SiteSpect Testing System Optimizes Website Effectiveness

 
 
By Fahmida Y. Rashid  |  Posted 2011-01-26 Email Print this article Print
 
 
 
 
 
 
 

SiteSpect AMPS speeds up site performance and allows Web marketers to modify sites to measure key metrics such as conversion, lead generation and user engagement.

SiteSpect's latest Website-optimization application allows business managers to test and optimize content placement on Websites unobtrusively to increase the effectiveness of marketing programs and page-load times, the company said.

Introduced on Jan. 25, SiteSpect AMPS (Automated Multivariate Performance Solution) lets Web marketers and site owners run "experiments" to see which version of a Website is more "persuasive," Eric Hansen, SiteSpect's CEO, told eWEEK. The definition of "persuasive" varies by the business; e-commerce sites could define it as making site visitors buy more items or spend more money, while information portals such as insurance sites may define it as the making visitors register for an account, Hansen said.

By allowing managers to change the site on the fly, such as by showing an alternate headline, changing the image placement or adding certain links, SiteSpect can collect key Web-performance metrics that can be used to compare which versions of the site were more effective, said Hansen.

SiteSpect is used in a number of areas, such as e-commerce and travel sites.
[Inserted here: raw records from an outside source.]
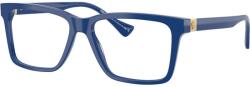 Versace VE3328 5450 Rama ochelari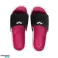 ARENA FLIP-FLOPS MARCO BLACK PINK WHITE 003789/102 37 image 1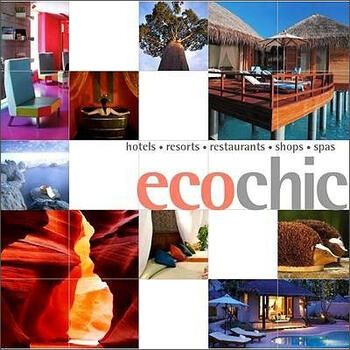 eco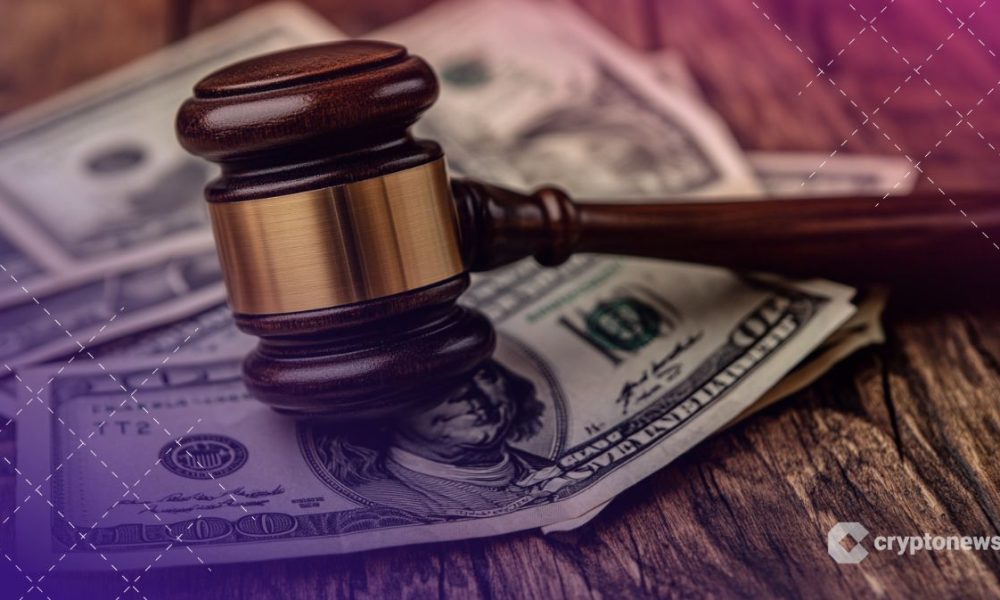 Nevada Moves to Block Coinbase Prediction Markets After Polymarket Ban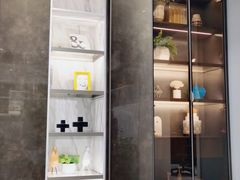 -索菲亚衣柜橱柜家具全屋定制(十里河居然之家店)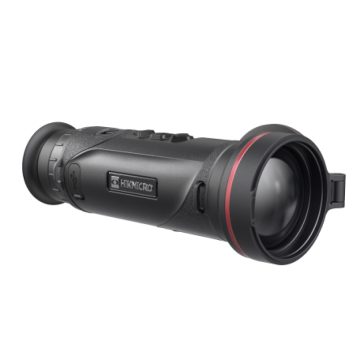 Termovizorius HIKMICRO FALCON FQ50 2.0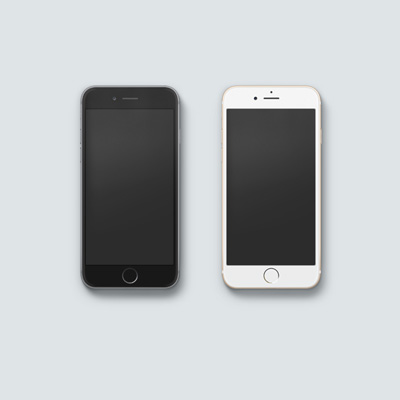 在线DDOS攻击平台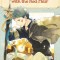 Snow White with the Red Hair, Vol. 18, 18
Business managers can also take advantage of the platform's behavioral-targeting capabilities by serving up different versions of the page based on the site visitor's behavior or profile, said Hansen.

With SiteSpect AMPS, a site may show a special promotion to first-time site visitors or localized sale information based on the user profile, he said. Campaigns that are of limited duration can be easily set up in SiteSpect without requiring the business to create multiple pages.

There are competing products that allow site owners to move content around a page or to collect Web metrics to analyze key performance indicators, such as Google Web Site Optimizer, Hansen explained. Adobe also has a Web analytics tool from its acquisition of Omniture, he said. SiteSpect differs from these products in that it does not use page tags or any Javascript code to track what people are doing on the site, he said. SiteSpect has more in common with CDNs (content-delivery networks) in the way it collects user data, according to Hansen.

SiteSpect customers modify their DNS records to point their host names to SiteSpect's customized domain name. When visitors come to the site, SiteSpect automatically serves up appropriate pages and collects statistics, said Hansen. Site owners log in to the console to see reports and check on specific campaigns, he said. SiteSpect collects and stores information on all user behavior, for example, what links are clicked on, how much time is spent on the site and what path the user follows during the session.

The console also has a tool that puts the Web browser into a "special mode" that allows the site owner to drag and change elements on the Website on the fly without modifying the actual source HTML, Hansen said. SiteSpect applies the modifications to the actual site when loading pages for the individual user, he said.

"It's a virtual CMS [content-management system] where you can make changes," said Hansen. Site owners never have to change the actual site in the CMS if they don't want to, he said, although it may make sense to make major site-wide changes, such as a new navigation structure. The ability to maintain changes in SiteSpect is useful for promotions that have a specific shelf life, and it is designed for environments where changes to the site may take time or require development resources, Hansen said.

SiteSpect AMPS also has the capability to segment users based on time of day, geographic location and browser type, said Hansen. AMPS can also segment based on mobile devices.

SiteSpect AMPS also accelerates and optimizes Website performance so that pages load quickly, decreasing page-load times as much as 50 to 70 percent, according to the company. Given two sites with identical content, the one that loads faster is the one visitors are likely to prefer and return to, leading to higher conversion rates, higher average order values and better site "stickiness," Hansen said. The page's load time also has SEO implications as faster-loading pages tend to be ranked higher on search-engine results, he said.

SiteSpect AMPS optimizes site pages by reducing the size of Cascading Style Sheet and JavaScript files, combining scripts, and reordering elements for optimal processing. Page-load time is decreased by adjusting cache settings to reduce network overhead, according to the company.

AMPS integrates with SiteSpect's core content-testing and targeting platform, which is priced at $3,000 a month. SiteSpect AMPS is available as either an on-premise Enterprise appliance or a cloud-based ASP version, and is priced at $600, with incremental fees for going over bandwidth limits, Hansen said.